From the franchisor’s perspective, franchising is a very popular way for a successful businesses to add great talent to their teams and finance their growth by recruiting franchises to become carefully selected partners. From the franchisee’s perspective, purchasing a franchise from a successful business gives the franchisee access to a proven formula of brand systems training and support at a fraction of he cost of doing it themselves.

In simple terms, franchising allows a business owner (the franchisor) to license their successful business model, brand, and operational systems to someone else (the franchisee), who runs a location of that business.

Here’s a quick look at how it all works:

The franchisor owns the brand and business system. They’ve created a proven business model that’s successful in the market. A franchisee is someone who wants to start their own business but prefers the stability and increased certainty of using a pre-existing model. The franchisor provides the franchisee with tools, training, and ongoing support, ensuring that every franchise location operates similarly and succesfully.

Franchising allows a company to grow quickly by having franchisees finance and operate new locations. Since each franchisee is investing their own money to open and operate a location, the franchisor can expand without directly owning each store, while still maintaining control of their successful formula.

Franchisees get the advantage of starting a business with a recognized name, established customer base, and proven success. This reduces some of the risks that come with starting a new, independent business from scratch. Additionally, the franchisor typically provides training, marketing support, and ongoing guidance.

To use the franchisor’s system and brand, the franchisee usually pays an initial fee and ongoing royalties, which are a percentage of the revenue. This helps the franchisor maintain and grow the brand while supporting franchisees.

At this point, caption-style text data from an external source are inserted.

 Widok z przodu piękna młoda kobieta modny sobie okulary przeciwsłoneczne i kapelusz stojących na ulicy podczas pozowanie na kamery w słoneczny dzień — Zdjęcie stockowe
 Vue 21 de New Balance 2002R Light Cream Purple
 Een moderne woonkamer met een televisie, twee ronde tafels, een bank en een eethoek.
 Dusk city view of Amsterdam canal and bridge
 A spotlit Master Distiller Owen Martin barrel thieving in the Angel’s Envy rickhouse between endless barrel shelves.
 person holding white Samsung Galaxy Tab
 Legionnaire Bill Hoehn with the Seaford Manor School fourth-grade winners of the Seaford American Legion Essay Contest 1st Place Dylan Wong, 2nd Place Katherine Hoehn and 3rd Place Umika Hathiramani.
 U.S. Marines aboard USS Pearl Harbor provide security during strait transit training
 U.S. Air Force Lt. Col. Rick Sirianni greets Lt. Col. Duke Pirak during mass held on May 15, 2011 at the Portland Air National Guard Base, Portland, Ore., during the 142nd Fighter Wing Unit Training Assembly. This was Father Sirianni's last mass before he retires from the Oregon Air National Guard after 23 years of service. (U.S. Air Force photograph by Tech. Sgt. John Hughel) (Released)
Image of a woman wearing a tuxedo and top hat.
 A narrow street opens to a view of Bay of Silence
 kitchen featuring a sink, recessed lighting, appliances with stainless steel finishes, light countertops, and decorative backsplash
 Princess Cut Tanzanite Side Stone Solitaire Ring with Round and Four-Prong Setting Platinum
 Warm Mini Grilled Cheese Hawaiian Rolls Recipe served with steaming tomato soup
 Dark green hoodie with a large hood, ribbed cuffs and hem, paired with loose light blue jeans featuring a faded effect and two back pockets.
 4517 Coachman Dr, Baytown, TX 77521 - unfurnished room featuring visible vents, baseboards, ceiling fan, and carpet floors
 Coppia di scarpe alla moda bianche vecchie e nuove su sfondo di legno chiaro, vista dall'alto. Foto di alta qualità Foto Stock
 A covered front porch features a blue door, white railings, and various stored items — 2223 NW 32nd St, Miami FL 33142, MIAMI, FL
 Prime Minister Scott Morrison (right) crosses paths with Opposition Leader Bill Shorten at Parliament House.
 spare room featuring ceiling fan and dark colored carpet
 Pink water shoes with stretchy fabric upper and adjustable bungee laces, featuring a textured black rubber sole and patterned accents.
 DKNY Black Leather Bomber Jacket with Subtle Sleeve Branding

Franchising is often a win-win for both parties. The franchisor grows their business without taking on the direct costs and risks of opening new locations, while the franchisee gets a chance to operate their own business under a successful brand.

Franchising is a great way for businesses to expand and for individuals to own their own location within a proven and successful brand and business system. With the right guidance and support, it’s a model that works incredibly well for both sides, leading to mutual growth and success.